Short web captions
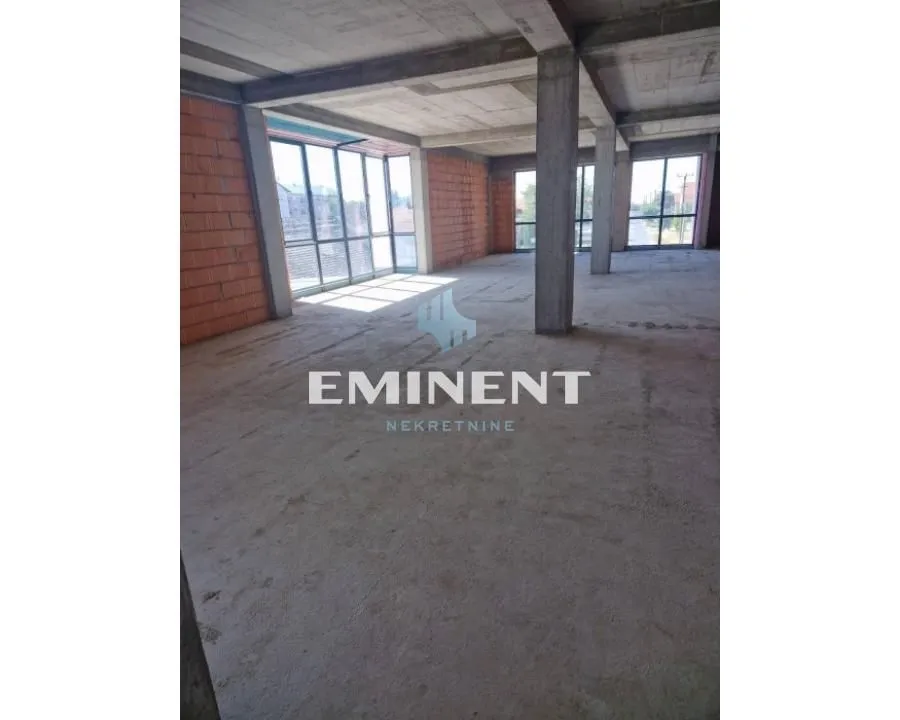 View of an empty space under construction with concrete pillars and large windows.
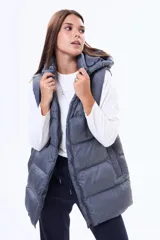 Chaleco puffer largo de color negro, con cierre frontal completo, capucha ajustable con cordones y bolsillos laterales. Diseño acolchado con costuras horizontales.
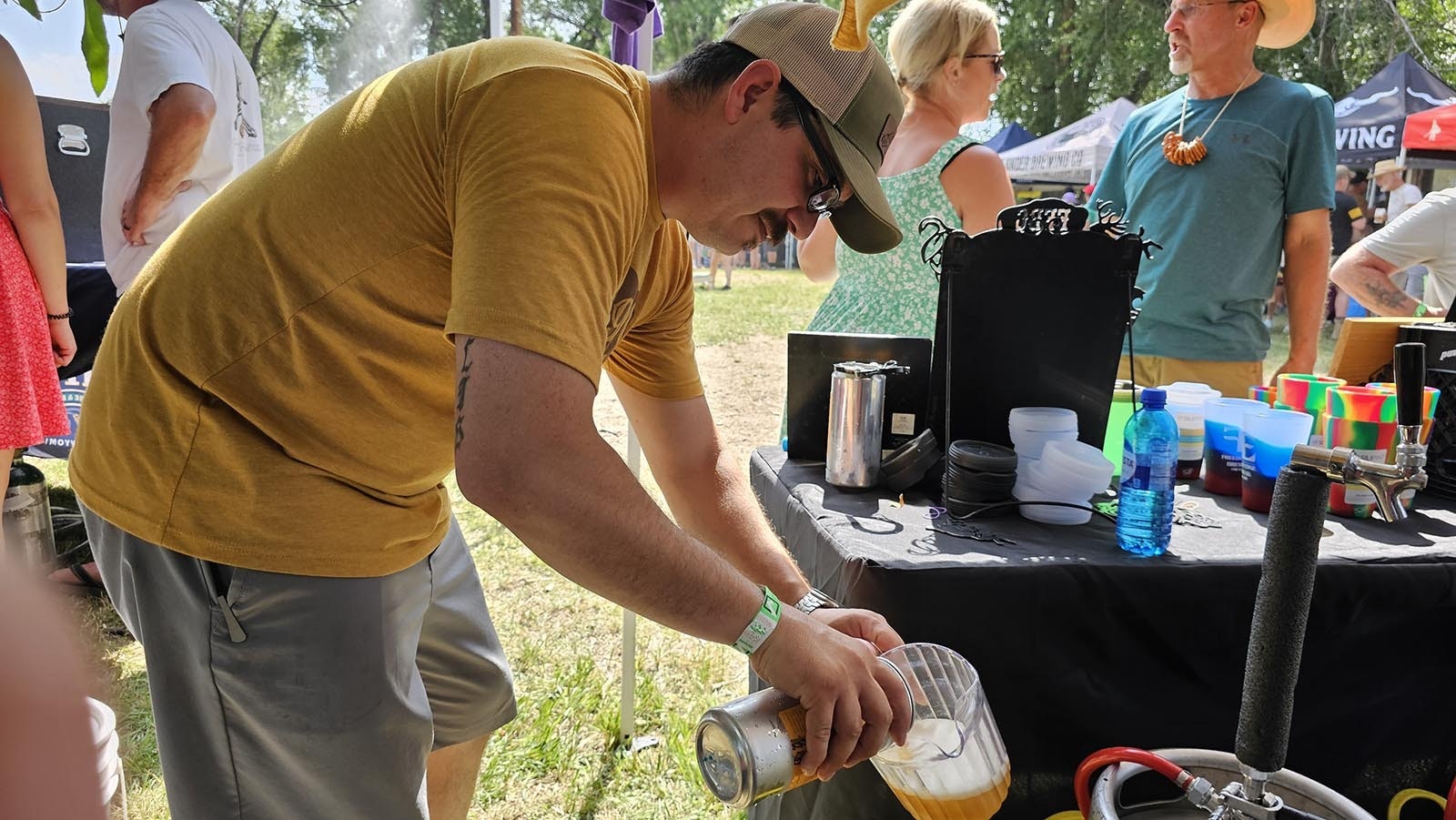 Eric Kilmer with Freedom's Edge pours some of his pilsner into a pitcher for judges at the Steinley Cup in Saratoga.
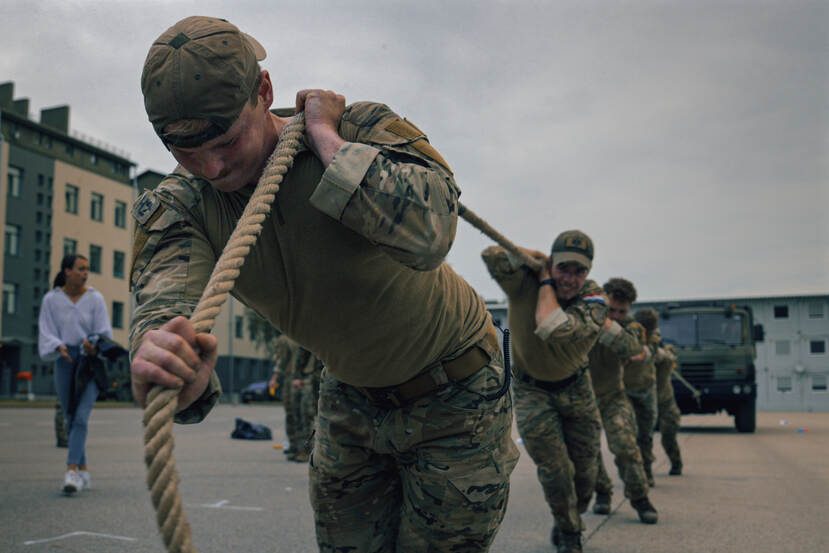 Militairen trekken met een touw een militair voertuig.
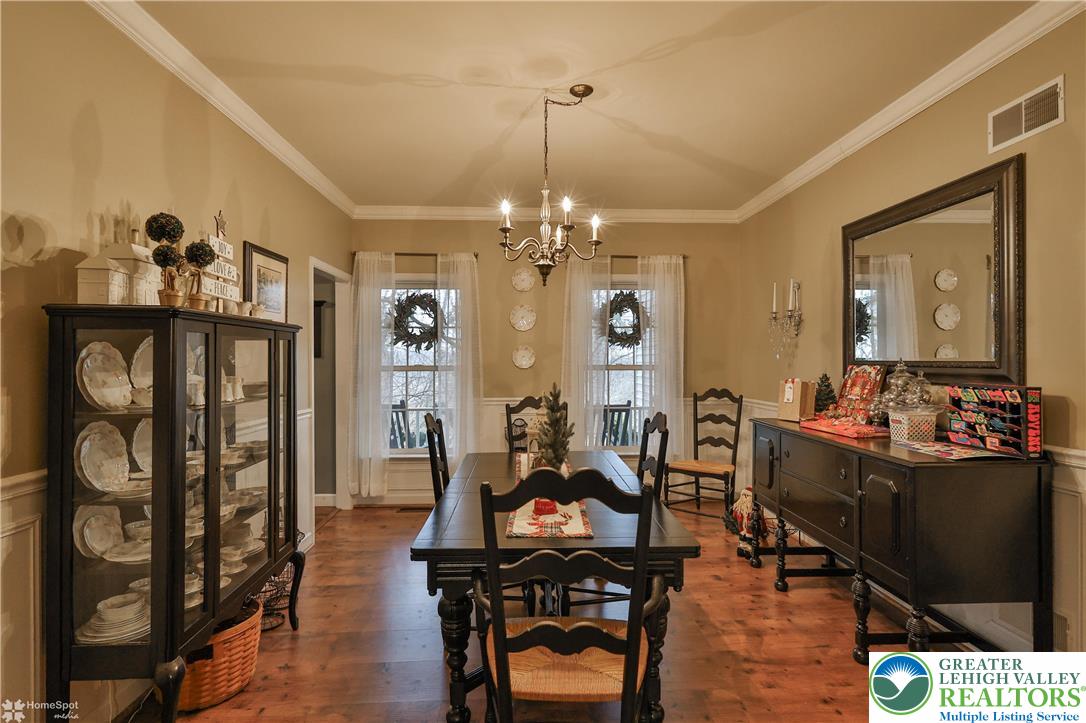 3475 Honeysuckle Road Bethlehem, PA 18015 - Photo 28 of 87 a view of a dining room with furniture and chandelier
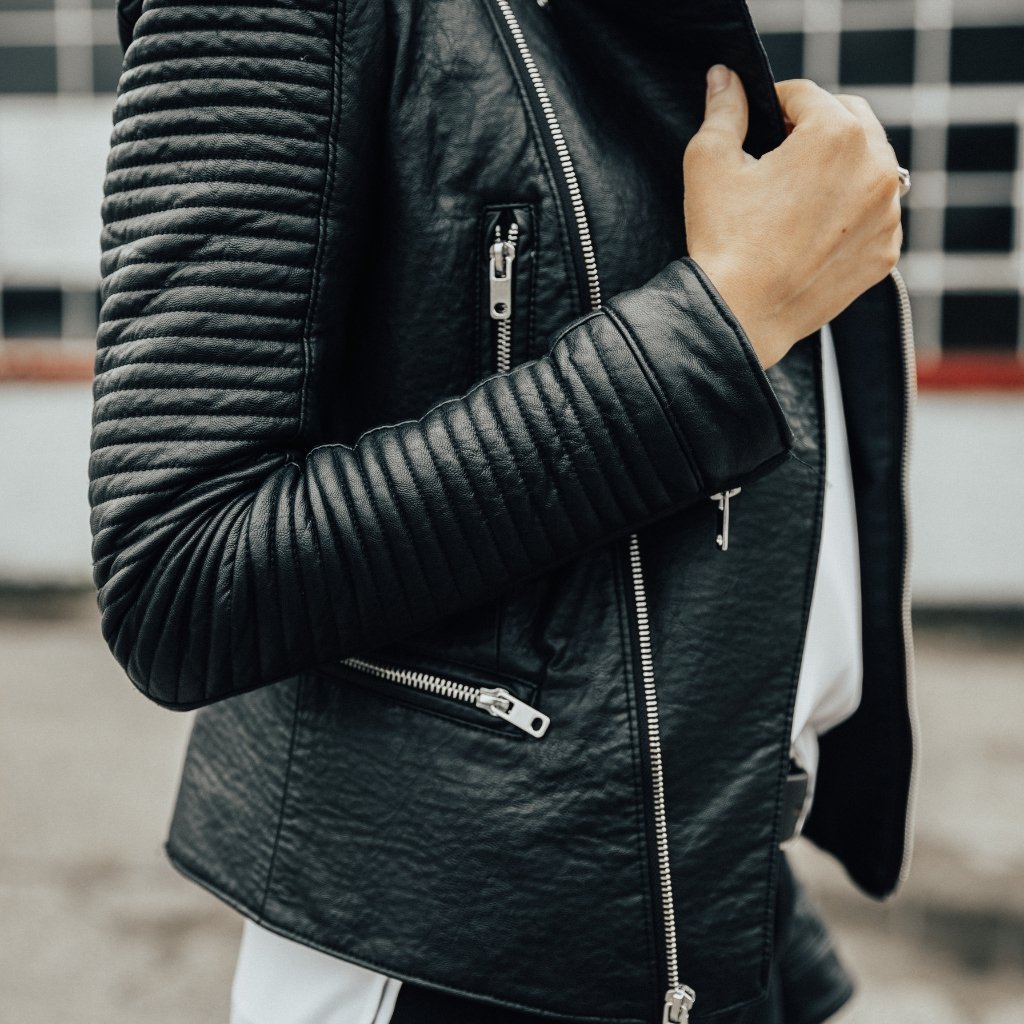 Close-up of a black leather blazer with quilted shoulder details, visible zippers and a notched lapel.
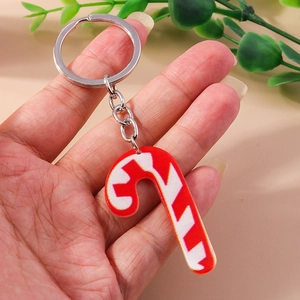 Detail of a red and white striped Christmas candy cane keychain with a silver ring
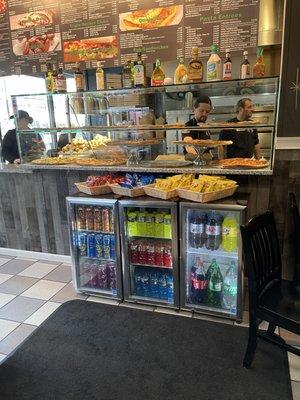 The pizza counter with a vast selection of different slices!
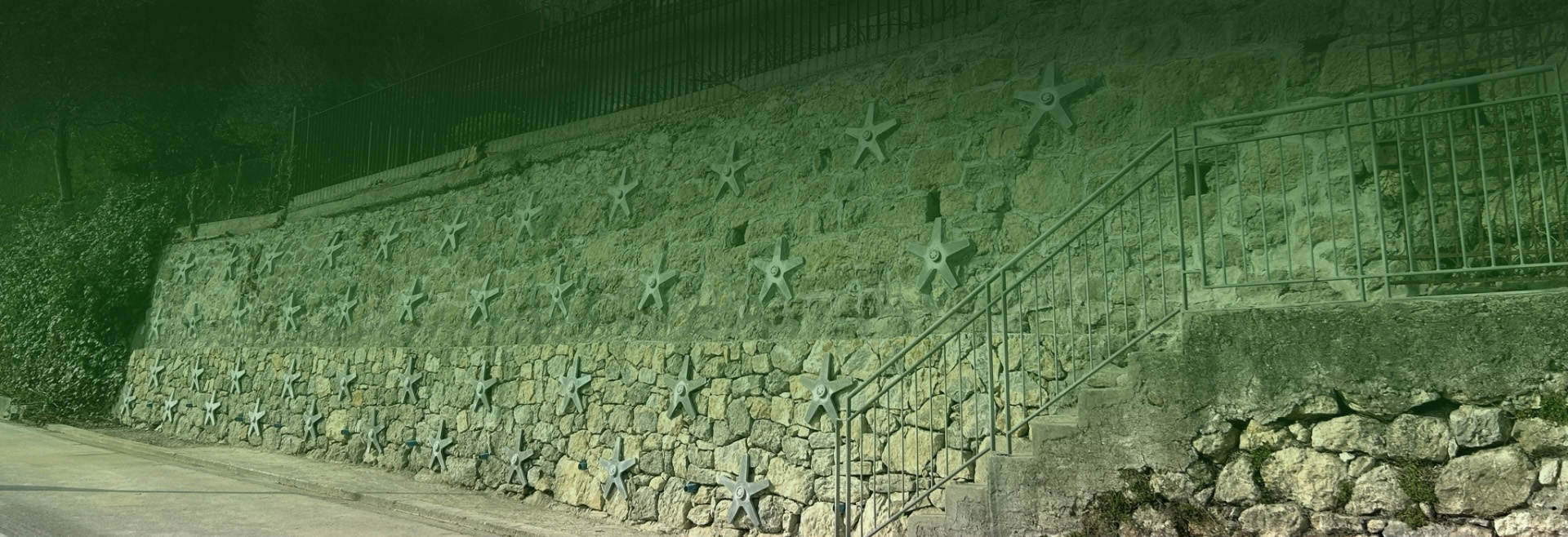 Muro in pietra lungo strada con ancoraggi a stella e corrimano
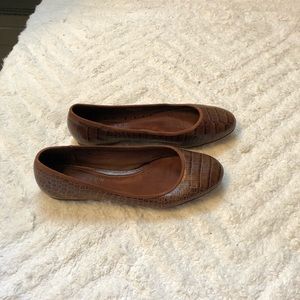 Brown croc-leather flats. Good condition.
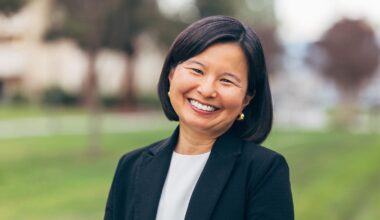 Ms. Kimura-Walsh smiles for a photo wearing a white blouse and black jacket.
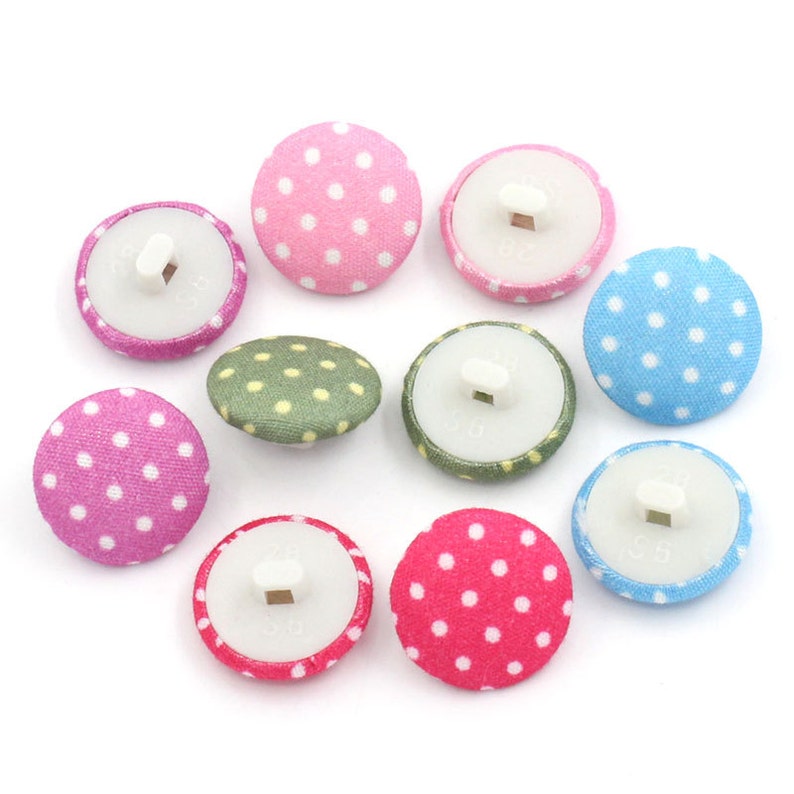 May include: Assortment of ten polka dot fabric buttons in pink, green, blue, and white. The buttons have a white plastic back with a hole for sewing.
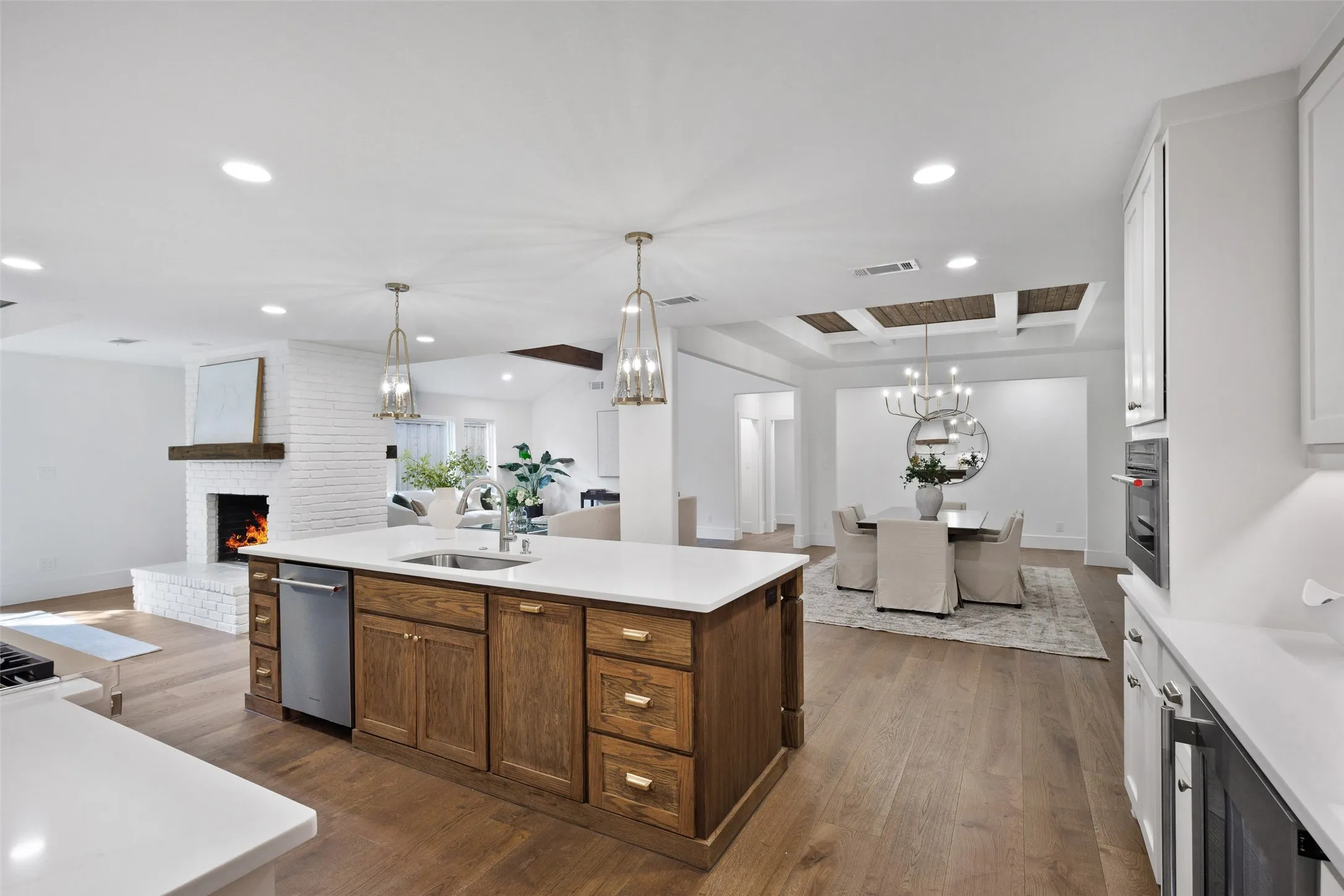 White brick fireplace with wood mantel, hardwood flooring, coffered ceiling, white cabinetry, and a kitchen island with storage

# INSTRUCTIONS FOR THE TASK
Skip every picture and return the lines above from the top through the one that contains "3475 Honeysuckle Road".

# ANSWER
 View of an empty space under construction with concrete pillars and large windows.
 Chaleco puffer largo de color negro, con cierre frontal completo, capucha ajustable con cordones y bolsillos laterales. Diseño acolchado con costuras horizontales.
 Eric Kilmer with Freedom's Edge pours some of his pilsner into a pitcher for judges at the Steinley Cup in Saratoga.
 Militairen trekken met een touw een militair voertuig.
 3475 Honeysuckle Road Bethlehem, PA 18015 - Photo 28 of 87 a view of a dining room with furniture and chandelier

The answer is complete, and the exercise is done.